Records from a data source
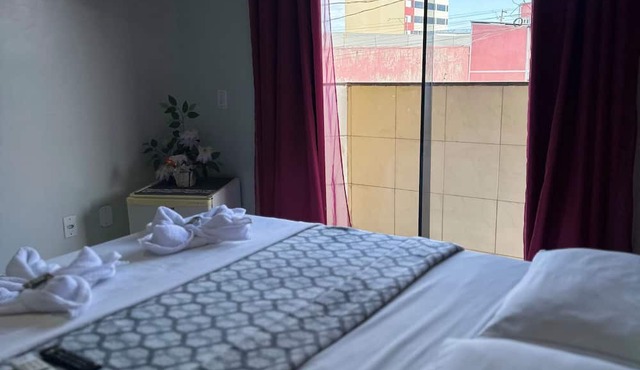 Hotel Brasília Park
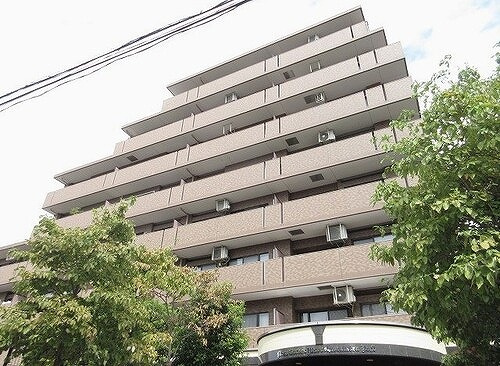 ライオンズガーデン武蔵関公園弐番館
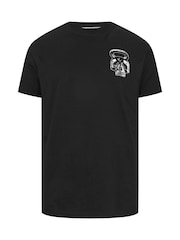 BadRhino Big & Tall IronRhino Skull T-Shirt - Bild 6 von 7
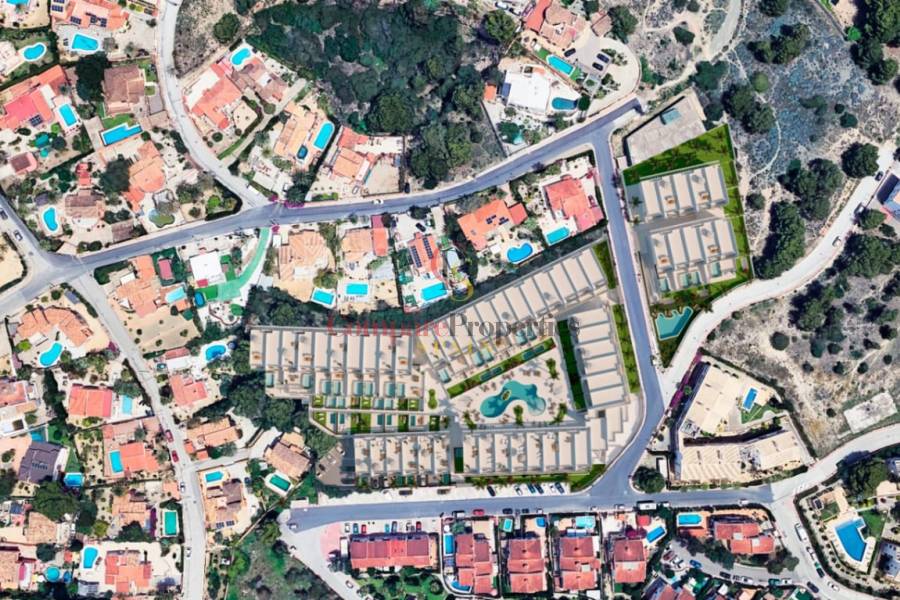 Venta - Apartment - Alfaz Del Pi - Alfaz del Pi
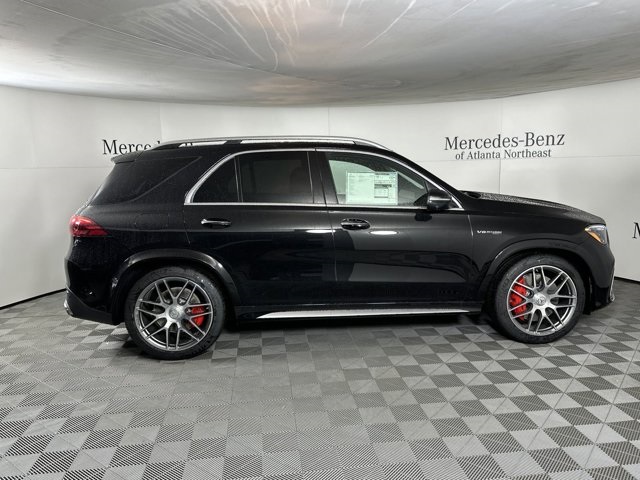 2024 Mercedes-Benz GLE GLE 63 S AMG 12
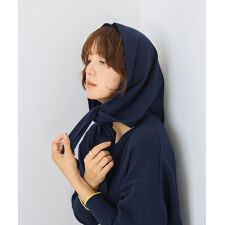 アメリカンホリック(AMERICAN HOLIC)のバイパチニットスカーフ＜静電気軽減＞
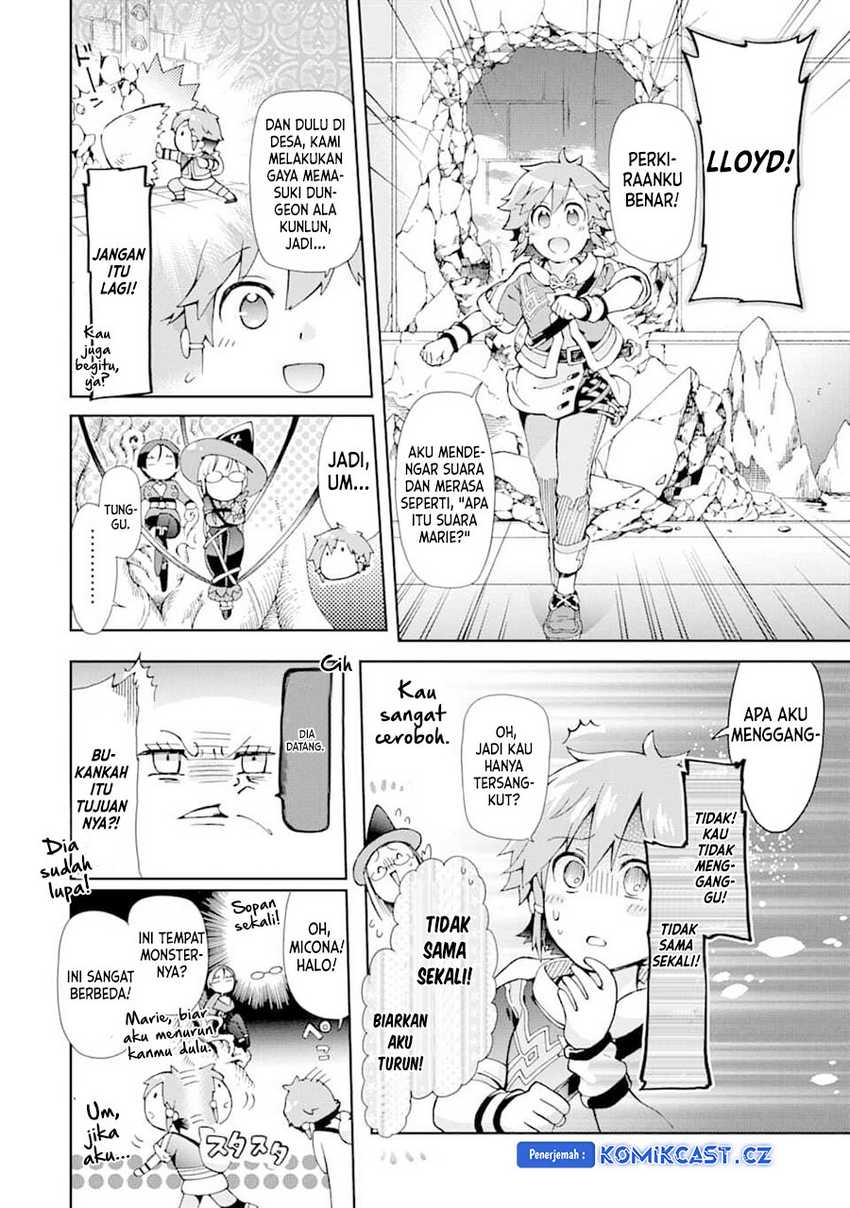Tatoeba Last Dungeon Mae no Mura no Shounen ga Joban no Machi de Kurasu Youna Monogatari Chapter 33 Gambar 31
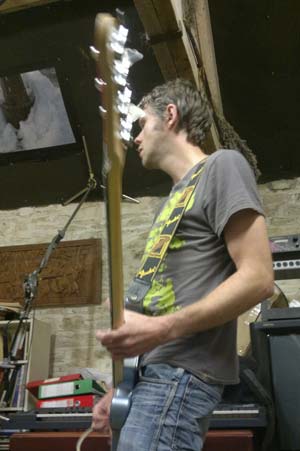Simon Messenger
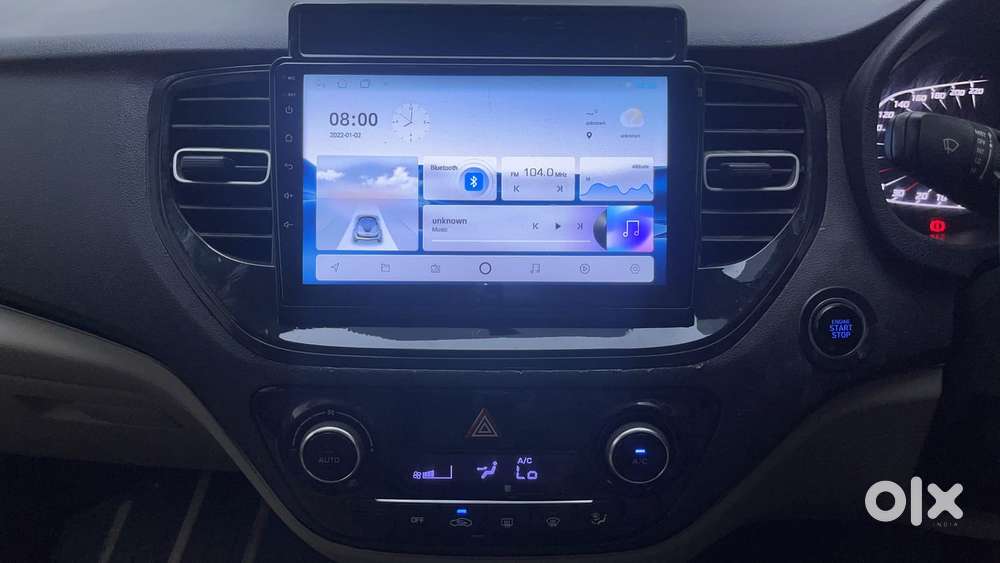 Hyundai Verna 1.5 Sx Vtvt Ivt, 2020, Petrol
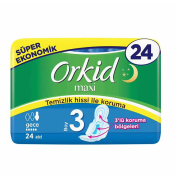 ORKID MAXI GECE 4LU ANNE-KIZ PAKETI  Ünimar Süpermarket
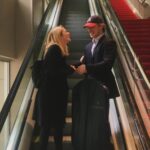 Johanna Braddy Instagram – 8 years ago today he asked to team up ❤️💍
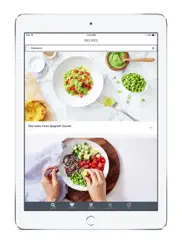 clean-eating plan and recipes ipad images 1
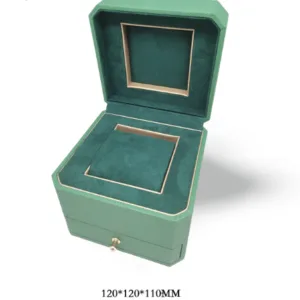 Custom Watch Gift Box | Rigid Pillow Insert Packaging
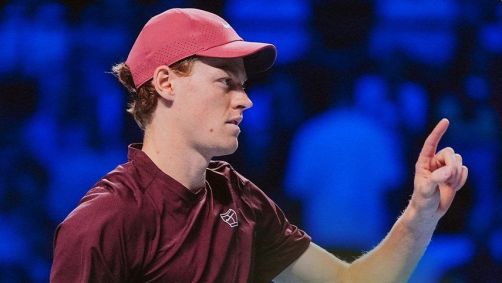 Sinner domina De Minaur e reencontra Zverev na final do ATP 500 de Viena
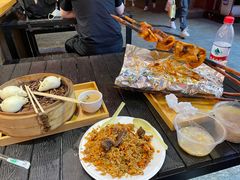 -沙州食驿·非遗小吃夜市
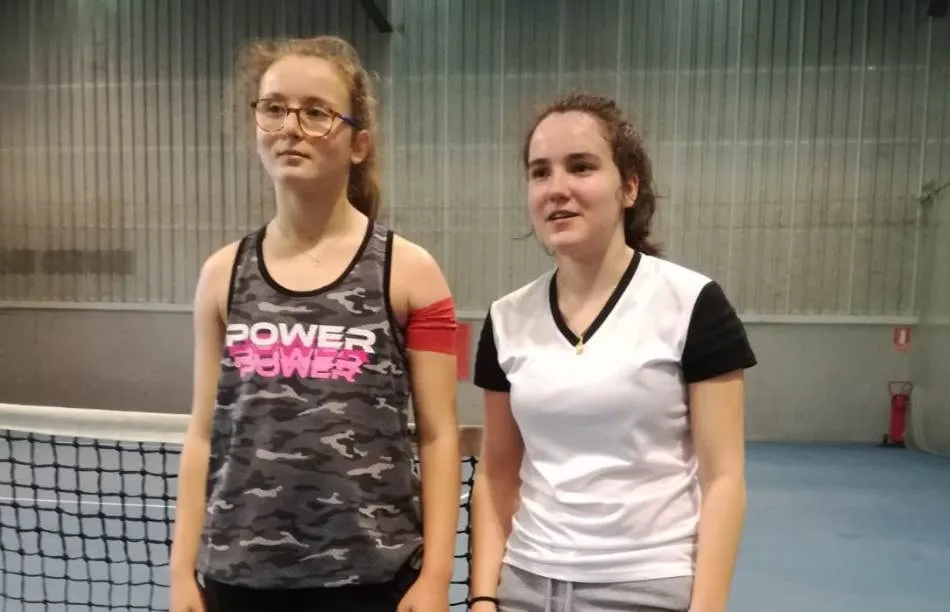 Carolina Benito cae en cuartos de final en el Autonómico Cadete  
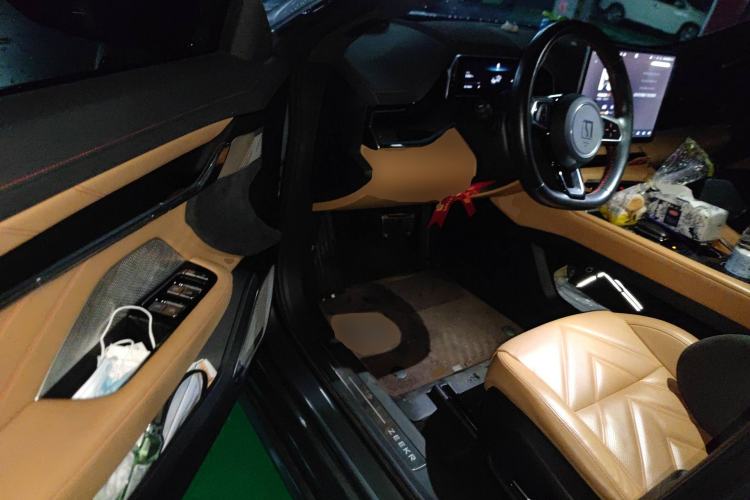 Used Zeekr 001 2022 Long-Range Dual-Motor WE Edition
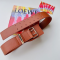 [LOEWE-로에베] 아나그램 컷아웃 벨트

§ **INSTRUCTIONS FOR THE TASK**: Transcribe the entries word for word, without their pictures.

§ **ANSWER SPACE**:
 Hotel Brasília Park
 ライオンズガーデン武蔵関公園弐番館
 BadRhino Big & Tall IronRhino Skull T-Shirt - Bild 6 von 7
 Venta - Apartment - Alfaz Del Pi - Alfaz del Pi
 2024 Mercedes-Benz GLE GLE 63 S AMG 12
 アメリカンホリック(AMERICAN HOLIC)のバイパチニットスカーフ＜静電気軽減＞
Tatoeba Last Dungeon Mae no Mura no Shounen ga Joban no Machi de Kurasu Youna Monogatari Chapter 33 Gambar 31
Simon Messenger
 Hyundai Verna 1.5 Sx Vtvt Ivt, 2020, Petrol
 ORKID MAXI GECE 4LU ANNE-KIZ PAKETI  Ünimar Süpermarket
 Johanna Braddy Instagram – 8 years ago today he asked to team up ❤️💍
 clean-eating plan and recipes ipad images 1
 Custom Watch Gift Box | Rigid Pillow Insert Packaging
 Sinner domina De Minaur e reencontra Zverev na final do ATP 500 de Viena
 -沙州食驿·非遗小吃夜市
 Carolina Benito cae en cuartos de final en el Autonómico Cadete  
 Used Zeekr 001 2022 Long-Range Dual-Motor WE Edition
 [LOEWE-로에베] 아나그램 컷아웃 벨트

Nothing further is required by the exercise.